She steps on the cobblestones of the Old Hermitage’s inner courtyard and I see her. What initially catches my eyes is her bright smile and the apparent ease of her quick steps. Soraya has just finished another day of internship at the Hermitage Museum and as we make our way through the winter palace’s grand courtyard, past the scarce crowds of cameras, I find out that despite being fluent in English, Spanish, and Italian, she cannot speak Farsi. “It’s all there, I know it’s all there!” she says as we sit down in a cozy cafe on Nevsky, “I just need a little practice and it will all come back to me in no time. She stopped speaking Farsi simply because there was nobody to talk to, “Dad was always away…” and her mum, being a New Zealander just couldn’t speak the language. It is hard to doubt her innocent enthusiasm when she starts reciting the names of her favorite Iranian dishes in Farsi, “I went to a Georgian restaurant here once and they had a dish which closely resembled our Qorme-Sabzi” (Lobio Nigvzit, a Georgian stew consisting of kidney bean, herbs, and walnuts does actually resemble our beloved Iranian dish).
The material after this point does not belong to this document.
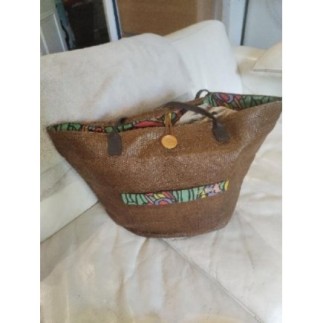 Sac plage paille marron...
Soraya was born to the Iranian photographer and filmmaker Faramarz Beheshti who broke into the international scene with Salam Rugby (2010) a feature detailing the amazing yet painstaking journey of women playing Rugby in the Islamic Republic of Iran during the difficult years of the Ahmadinejad presidency. Rugby is big in New Zealand where Soraya was born but “the idea actually occurred to my father when he saw a photo of women playing the game in Iran.” says Soraya. He dropped everything else, Soraya recalls and instead took it upon himself to accompany a team of female Rugby players travelling through numerous cities encountering a fair share of kind, unjust, sad, bizarre, and funny incidents. The film went on to win international acclaim and recognition at numerous film festivals, including winner of the Human Rights Award, Sports/Movies Festival of Milan, Best ’Non-European Documentary Film’ at ECU Festival in Paris April 2011, Best Feature Documentary In Cambofest- Cambodia 2011. (Watch the ECU interview with Farmarz Beheshti.)
Now that our conversation is flowing easily, I tell her of this sense of gloominess I have found in Piter, but she playfully brushes this off. To her, the city beams with life. Sad? How could it be? When elderly “Babushkas” smile at her warmly and chivalrous boys offer to carry her bike and bags; when they offer her “Chay” just to get to know her and listen to her and in turn tell her their own stories. She speaks affectionately even of Putin, “he has done so much for this country, why do everyone keep on hating on him?” she recalls a recent trip to Moscow when in an anti-Putin protest rally, she asked the protesters why they were actually there and they simply couldn’t answer. She, herself, dreams of being a politician someday, maybe even in Iran but I am skeptical as an image of Marzieh Afkham, spokeswoman and head of the center for public and media diplomacy in Iran’s Ministry of Foreign affairs flashes through my mind.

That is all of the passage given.